Reliance on Others. To limit our capital expenditures and support staff, we rely extensively on third parties. We lease our local exchange network and our long distance network. As a result, we depend entirely on incumbent carriers for the transmission of customer telephone calls. Under the Telecommunications Act of 1996, we may purchase local exchange services from the incumbent local exchange carriers by entering into resale agreements with such carriers, or we may lease the required facilities from such carriers. The risk factors inherent in this approach include, but are not limited to, the following:

o the inability to negotiate and renew favorable lease or resale agreements;

o lack of timeliness of the ILEC in processing our orders for customers seeking to utilize our services;

o dependence on the effectiveness of internal and external telemarketing services to attract new customers;

o dependence on third-party contractors to install necessary equipment and wiring at our customers facilities; and

o dependence on a facilities-based carrier to provide our customers with repair services and new installation services.

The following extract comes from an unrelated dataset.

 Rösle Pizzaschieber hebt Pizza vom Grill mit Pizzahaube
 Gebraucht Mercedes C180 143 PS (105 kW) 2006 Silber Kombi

Dependence on Billing System. The accurate and prompt billing of our customers is essential to our operations and future profitability. We utilize a proprietary system for billing, tracking and customer service. Our system is designed to provide us with a high degree of flexibility to handle custom rate plans that provide consumers discounts from the incumbent local carriers' rate plans in all 48 states in which we anticipate doing business. Although we believe our system is scalable to all states we enter, and that we will be able to invoice, track and service up to 500,000 access lines, the system currently supports only approximately 42,000 lines in nine states, and its ability to handle substantially more customers is not fully tested. This strategy exposes us to various risks that include, but are not limited to, the following:

o the inability to adapt our billing system to process the number of customers we are targeting in our marketing plans;

o the failure of our system to provide all of the billing services that we require; and

8

o the possibility that we may not be able to react to technological changes that may be required to read usage tapes provided to us by the incumbent local exchange carriers.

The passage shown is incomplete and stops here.